Description: You are given a rod of length n inches and an array of prices that contains prices of all pieces of rod of size smaller than n. Your task is to write a function to find the maximum revenue that can be generated by cutting the rod and selling the pieces

Example:

Length of rod: 8

length |  1 2 3 4  5   6   7    8

price    | 1 5 8 9 10 17 17 20

Maximum revenue: 22 (from pieces of size 2 & 6)

Solution

Let maxCutRod(n) be the required (best possible price) value for a rod of length n. maxCutRod(n) can be written as following.
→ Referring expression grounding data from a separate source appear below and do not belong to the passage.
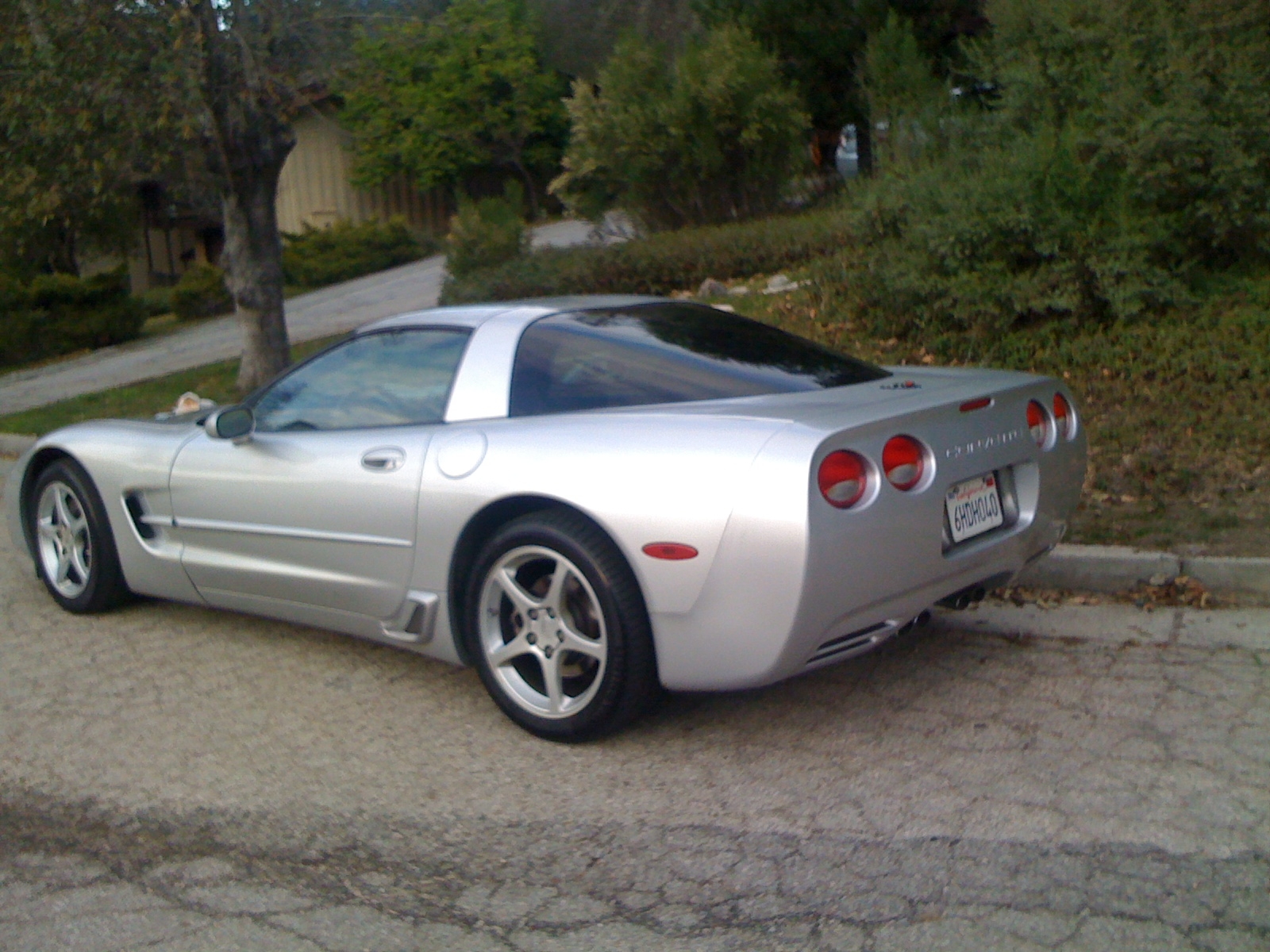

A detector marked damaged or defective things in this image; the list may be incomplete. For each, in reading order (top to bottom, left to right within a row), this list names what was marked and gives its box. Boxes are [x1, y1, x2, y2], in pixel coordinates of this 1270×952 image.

cracked asphalt driveway [0, 527, 1264, 952]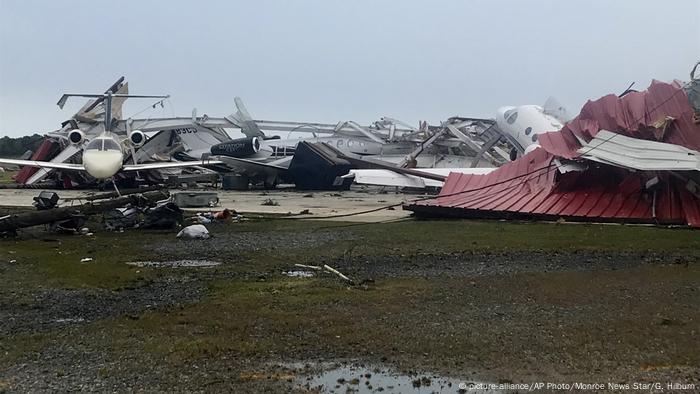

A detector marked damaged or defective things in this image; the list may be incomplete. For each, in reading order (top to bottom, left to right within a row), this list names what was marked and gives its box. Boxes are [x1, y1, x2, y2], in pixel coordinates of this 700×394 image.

crumpled red metal roof [404, 81, 700, 226]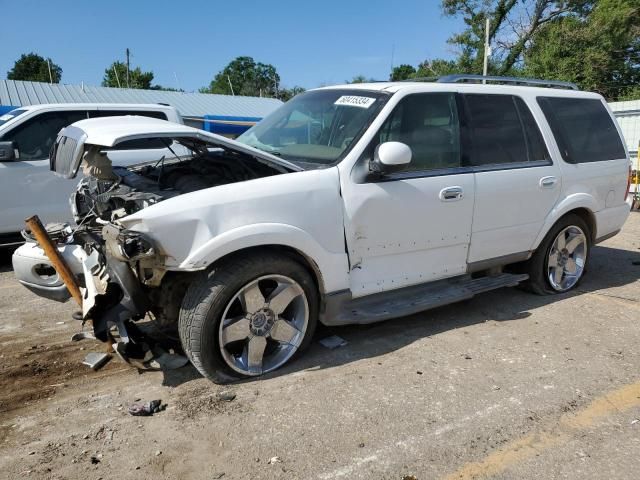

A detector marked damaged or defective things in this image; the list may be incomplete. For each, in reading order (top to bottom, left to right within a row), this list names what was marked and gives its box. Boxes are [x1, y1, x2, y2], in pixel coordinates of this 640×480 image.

damaged white suv [12, 76, 632, 382]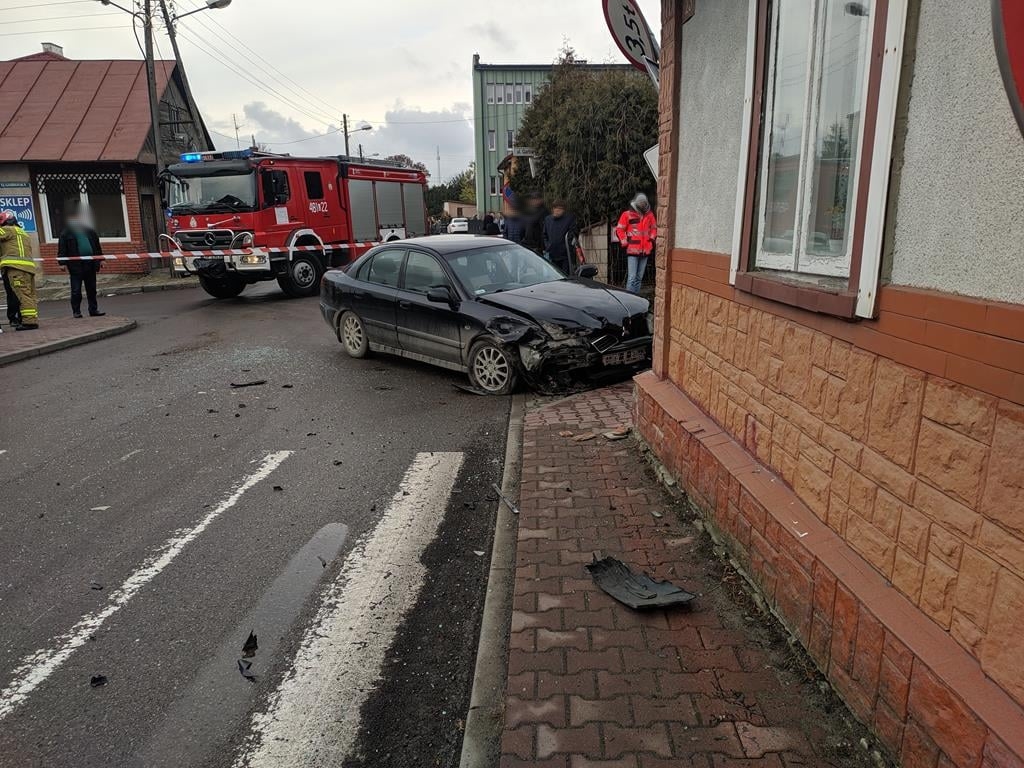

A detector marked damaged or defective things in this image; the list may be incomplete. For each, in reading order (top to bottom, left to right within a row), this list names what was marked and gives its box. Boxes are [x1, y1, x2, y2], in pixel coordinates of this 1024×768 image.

damaged black sedan [319, 236, 651, 393]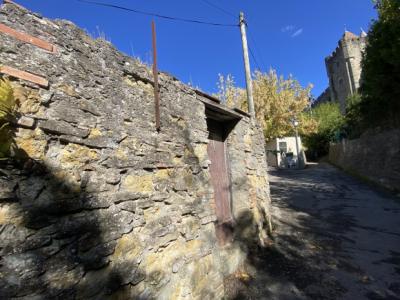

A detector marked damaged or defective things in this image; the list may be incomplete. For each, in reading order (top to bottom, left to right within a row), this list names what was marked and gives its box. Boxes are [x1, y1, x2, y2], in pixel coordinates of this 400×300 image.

rusted metal bracket [0, 22, 57, 53]
rusted metal bracket [0, 66, 49, 88]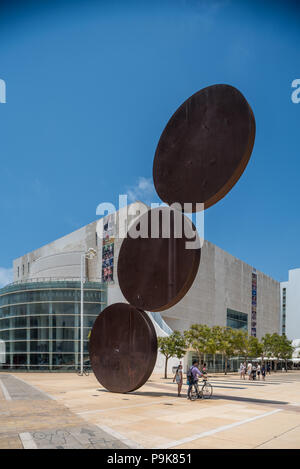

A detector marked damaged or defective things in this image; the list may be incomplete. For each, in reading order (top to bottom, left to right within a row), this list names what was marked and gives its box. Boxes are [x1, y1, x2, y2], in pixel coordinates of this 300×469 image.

•       maxCutRod(n) = max(price[ i ] + maxCutRod(n-i-1)) for all i in {0, 1 .. n-1}

Algorithm:

 
maxCutRod( n)
{
   let val0….n] be a new array
   val[0] = 0;
   /*Build the table val[] in bottom up manner*/
   for (i = 1 to n)
   {
    max_val = INT_MIN;
       for (j= 0 to i)
         max_val = max(max_val, price[j] + val[i-j-1]);
       val[i] = max_val;
   }
   return val[n];
}
 

C Implementation:

/*function to get the maximum of two integers */
int max(int a, int b) { return(a > b)? a : b;}
 
/* Funtion to find maximum price for a rod of length n */
 
int maxCutRod(int price[], int n)
{
 int val[n+1];
 val[0] = 0;
 int i, j;
 
/* Build the table val[] in bottom up manner */
 
   for(i = 1; i<=n; i++)
   {
       int max_val = INT_MIN;
       for(j = 0; j < i; j++)
         max_val = max(max_val, price[j] + val[i-j-1]);
       val[i] = max_val;
   }
 
   return val[n];
}

 

Time Complexity:

O(n^2)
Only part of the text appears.